In the fall 2001 issue of THE INDEPENDENT REVIEW, Professor Dwight R.
Lee, Ph.D. argues that if environmentalists owned ANWR, they would
probably allow drilling. The Independent Institute shares the following
excerpts from Lee's article "To Drill or Not to Drill: Let the
Environmentalists Decide":
The Audubon Society owns the Rainey Wildlife Sanctuary, a 26,000-acre
preserve in Louisiana. It has allowed thirty-seven wells to pump gas and
oil from the Rainey Sanctuary. In return, it has received royalties of
more than $25 million. .One should not conclude that the Audubon Society
has acted hypocritically by putting crass monetary considerations above
its stated concerns for protecting wilderness and wildlife.
Because of private ownership, the Society has a strong incentive to
consider the benefits as well as the costs of drilling on its property.
Certainly, environmental risks exist, and the society considers them,
but it also
responsibly weighs the costs of those risks against the benefits as
measured by the income derived from drilling. Obviously, the Audubon
Society appraises the benefits from drilling as greater than the costs,
and it acts in accordance with that appraisal."

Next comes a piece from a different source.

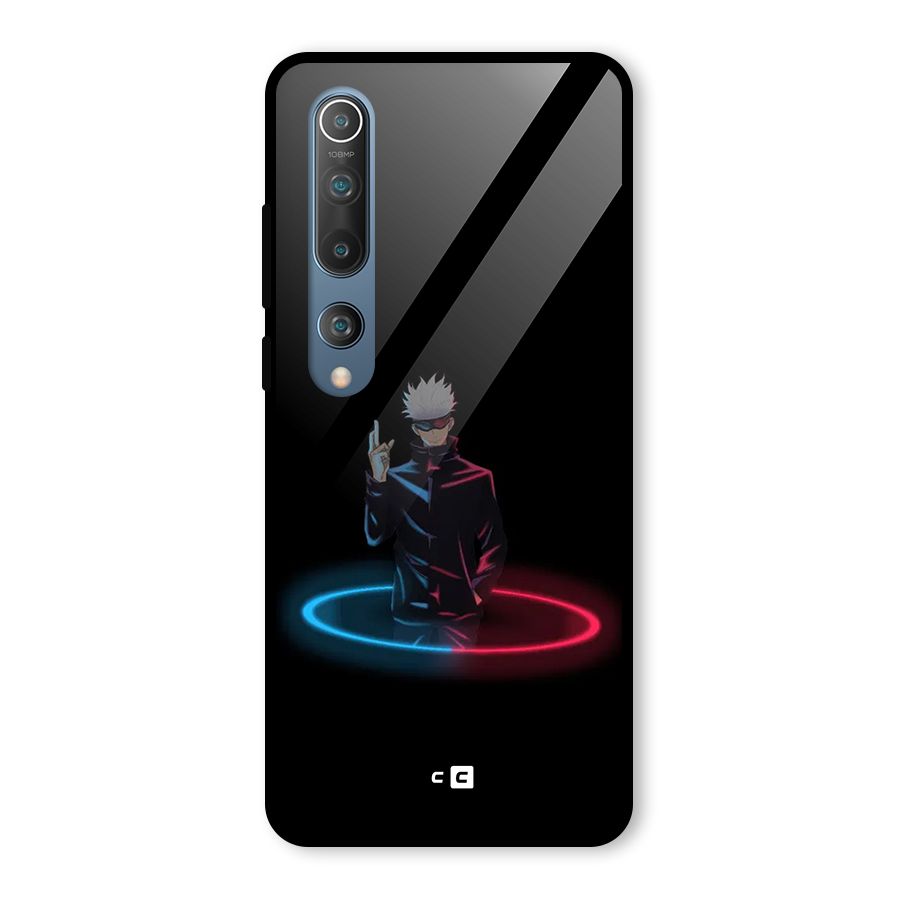 Gojo Sataru Wink Glass Back Case for Mi 10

The Nature Conservancy of Texas owns the Galveston Bay Prairie Preserve
in Texas City, a 2,263-acre refuge that is home to the Attwater's
prairie chicken, a highly endangered species. The conservancy has
entered into an agreement to drill for oil and natural gas in the
preserve."
Environmentalists would immediately see the advantages of drilling in
ANWR if they were responsible for the benefits petroleum production. The
environmentalists might easily conclude that although ANWR is an
"environmental treasure," that other environmental
treasures in other parts of the country (or the world) are more
valuable"
Environmentalists are concerned about protecting wildlife and wilderness
areas in which they have ownership interest, but the debate over any
threat from drilling and development in those areas is far more
productive and less acrimonious than in the case of ANWR and other
publicly owned wilderness areas."
Consider seriously what an environmental group would do if it owned ANWR.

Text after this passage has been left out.